Section 2 of the paper provides a summary of related research, with a particular emphasis on the current state of research in microservice assurance technology and reinforcement learning methods. In Section 3, we present an overview of the RL-SAMS method along with an introduction to its key components. Section 4 showcases the effectiveness of the RL-SAMS method through pre-experimental results. Finally, in Section 5, we summarize the contributions of this paper and outline potential directions for future research.

2. Related Works

Technologies related to microservice assurance include service degradation technology [ 5 ][ 6 ], service fault tolerance technology [ 7 ], service elastic scaling technology [ 8 ][ 9 ], service current limiting technology [ 10 ] etc. Santos et al. [ 6 ] proposed a strategy for online service degradation based on quality of service (QoS), which aims to minimize request congestion due to lack of system resources; Combining architecture analysis method and sensitivity analysis method, Wang et al. [ 7 ] proposed a fault-tolerant strategy algorithm based on reliability criticality measurement; Coulson et al. [ 9 ] designed an automatic expansion system prototype of microservice based on supervised learning; Firmani et al. [ 10 ] put forward an API call rate limit selection strategy in order to prevent unauthorized users from achieving ultra-high SLA. Most of the existing research on microservice assurance focus on the local situation of their respective microservices. It is impossible to comprehensively consider the guarantee of service expectations from the perspective of users. One of the key problems that need to be solved is how to establish an assurance system of service for global decisionmaking without breaking the original distributed and independent framework of microservice.

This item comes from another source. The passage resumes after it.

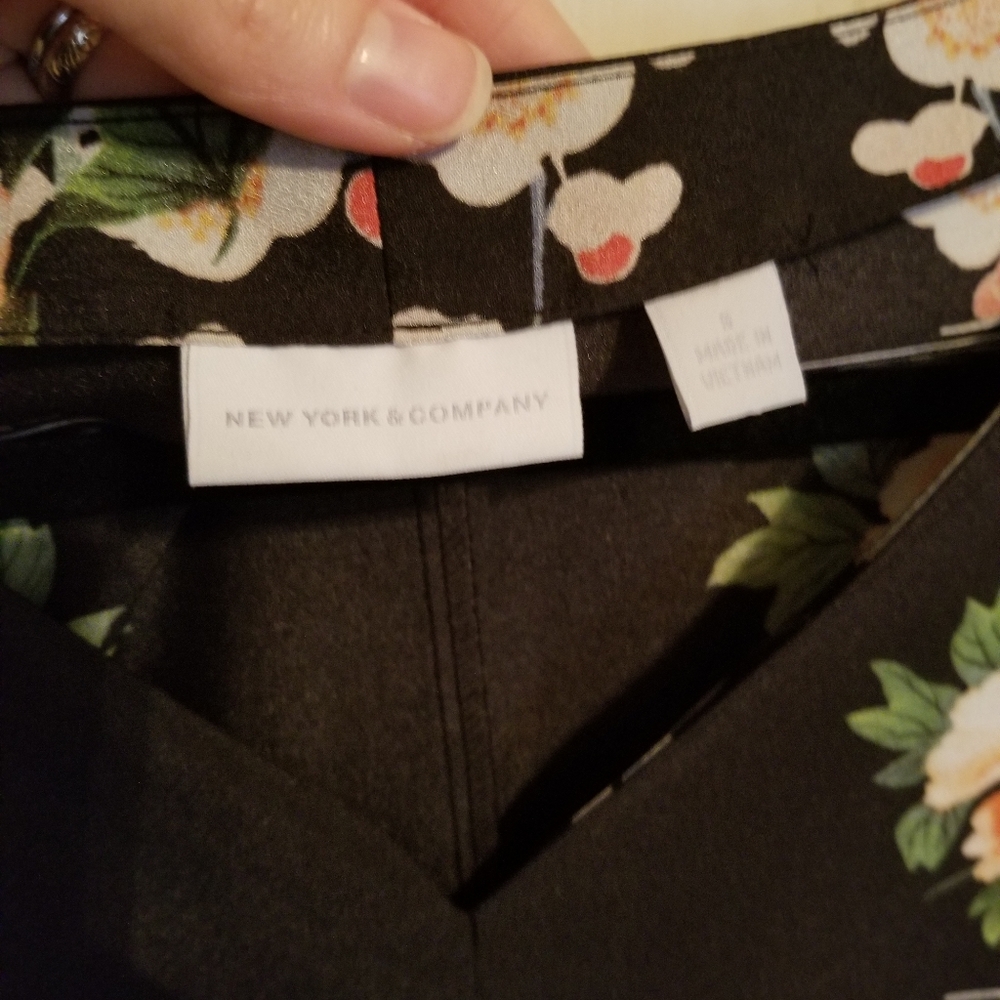 New York & Company Floral Kimono Sleeve Blouse - Picture 4 of 5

The existing research on reinforcement learningenabled software adaptive control can be roughly divided into: (1) Strategy generation and evolution research. Wang et al. [ 11 ] used reinforcement learning method to solve the problem of dynamic service configuration in the integrated adaptive system. Wang et al. [ 12 ] used reinforcement learning method, combined with Markov model Gaussian process, to establish a multi-agent game model, which aims to solve the problem of self-adaptive combination of services. Rao et al. [ 13 ] proposed a distributed learning mechanism to solve the problem of resource allocation in the cloud environment. Dongsun et al. [ 14 ] proposed a framework-based online planning method for self-management, which enables the software system to change and improve its plan through online RL. Amoui et al. [ 15 ] used RL in the planning process to support action selection, and clarifies why, how and when RL can benefit autonomous software systems. (2)

System and environmental modelling research. Zhao et al. [ 16 ] proposed a learning framework that integrates online and offline work based on reinforcement learning and case sets. Belhaj et al. [ 17 ] put forward a framework named "autonomic container", which endows applications with run-time adaptive action capability based on RL method. With model-based reinforcement learning method, Ho HN et al. 18] used Markov process to model the environment state, which is applied for the planning and continuous optimization of adaptive software systems. Tesauro et al. [ 19 ] utilized reinforcement learning method to solve the problem of service ranking.

Regarding multi-agent RL, the representative studies in recent years include MADDPG (Multi-Agent Deep Deterministic Policy Gradient) [ 20 ] and COMA (Counterfactual Multi-Agent actor-critic) [ 21 ], both of which are based on classic Actor-Critic architecture. At present, multi-agent RL is one of the most focused and widely researched directions in reinforcement learning methods.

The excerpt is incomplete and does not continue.